The first 5 kilometres to the Red Heather Hut are the worst part. It’s the steepest part of the trail and it’s just a boring access road through the forest. We made really quick time on the way up and didn’t stop too long at the hut before continuing on along the rest of the trail. The next 6km are much more scenic, though it was very cloudy on the way up, so we didn’t see a whole lot along that section either. But the hike is much flatter and just meanders along the ridge.
I can’t remember the exact time we got to the shelter, but it was super early. We wasted no time on the hike up and when we crested the last ridge, we didn’t even realize because it was so foggy we couldn’t see the lakes until we were basically on top of them. It was a little disappointing, but it was October, so not totally unexpected. We spent a little bit of time in the shelter hoping the fog would clear before deciding to continue a little farther up the trail, hoping we’d eventually get some views.
Brandon always brings out the best adventurer in me. Looking back I’m pretty impressed with myself that at the midpoint of a 22km hike I agreed to hike further, but I did and we continued up along the trail to the Saddle, which goes up towards the Gargoyles. The Elfin Lakes trail actually continues another 11km to Mamquam Lake, passing Opal Cone along the way, but there’s a short offshoot near the hut that is popular among backcountry skiers. You leave the main trail and hike up this bowl to the saddle between the two peaks. There was some snow on this part of the trail, but not enough to deter us from going.
It did get deeper as we got closer to the top.
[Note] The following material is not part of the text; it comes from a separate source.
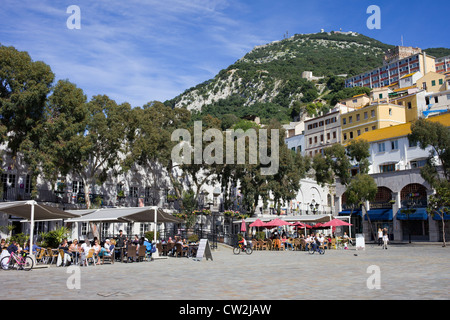 Outdoor restaurants, Casemates Square, Gibraltar Town, Gibraltar Stock ...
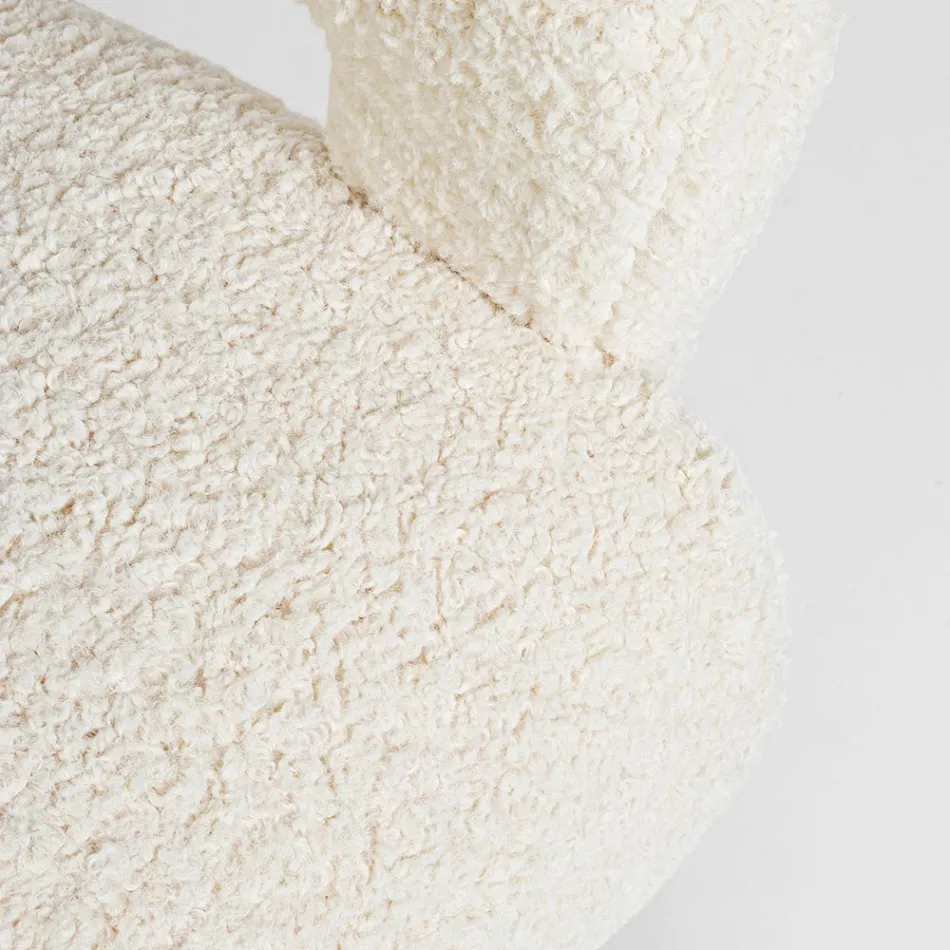 Sessel mit Armlehnen aus Gummibaumholz und Sitz mit Wolleffekt - Patrizia Viadurini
My legs were starting to hurt and I was really nervous about aggravating my knees which such a long hike still ahead of me, so I eventually bailed out for a snack and Brandon continued on to the top of the saddle. The clouds had started to clear out so we finally got a view of the lakes and the surrounding mountains. It was still marred by wisps of clouds hanging around all the peaks and low to the ground, but it made for some dramatic views!
Eventually we turned around and made our way back to the lake for lunch. This was only my second season hiking with Brandon and up to this point he’d been super keen on looking out for me whenever we were adventuring. The very first hike we did together was a day trip up to Garibaldi Lake and Brandon hiked it with a full backpack because he wanted to bring lunch for everyone, packing up fancy sandwich meats, cheeses, avocado, and containers of fresh berries as snacks! Then when we did our first backpacking trip to Tenquille Lake he hiked in an axe so that we could have a proper campfire and made us scrambled eggs for breakfast!
I’ve since learned that this is how Brandon sucks in new hiking friends. He’s always looking for new people to hike with and he really wants for you to have a good time, so he lures you in with all these fancy luxuries. Then, once he’s got you hooked, he drops all the pretenses and suddenly becomes a super lightweight hiker who lives off salmon jerky.
By this point, I guess I’d become savvy enough on my own and this was the first trip where Brandon showed up with just his water vest – big enough for a few snacks and a jacket. I was a few years into being a girl guide leader at this point, so I’d gotten pretty big on safety (though not as intense as I am these days), so I thought he was a little batty to go into the wilderness with so little, but I had my own gear, so I didn’t make a big deal about it.
Now those who know me will tell you I’m a big eater and snacker. I always bring a sandwich and you’ll never catch me heading out with just jerky. So as we were sitting down in the hut for lunch, I was making fun of Brandon that he was going to be so jealous of my sandwich, when he realized he’d forgotten his salmon jerky in the car! So Mr. lightweight had no treats and just a grumbling tummy. Obviously I shared with him because I always bring more than enough food, but as a result I gained the right to make fun of him for it the rest of the trek!
We spent some time exploring around the lake before heading back down to the car. The trek back was a lot more scenic now that we could see some of the surrounding mountains and as with any day hike, it inspired me to come back the following year for a proper backpacking trip! Even 4 trips in, I still love Elfin Lakes and it remains on my bucket list because I want to hike all the way to Mamquam Lake one day.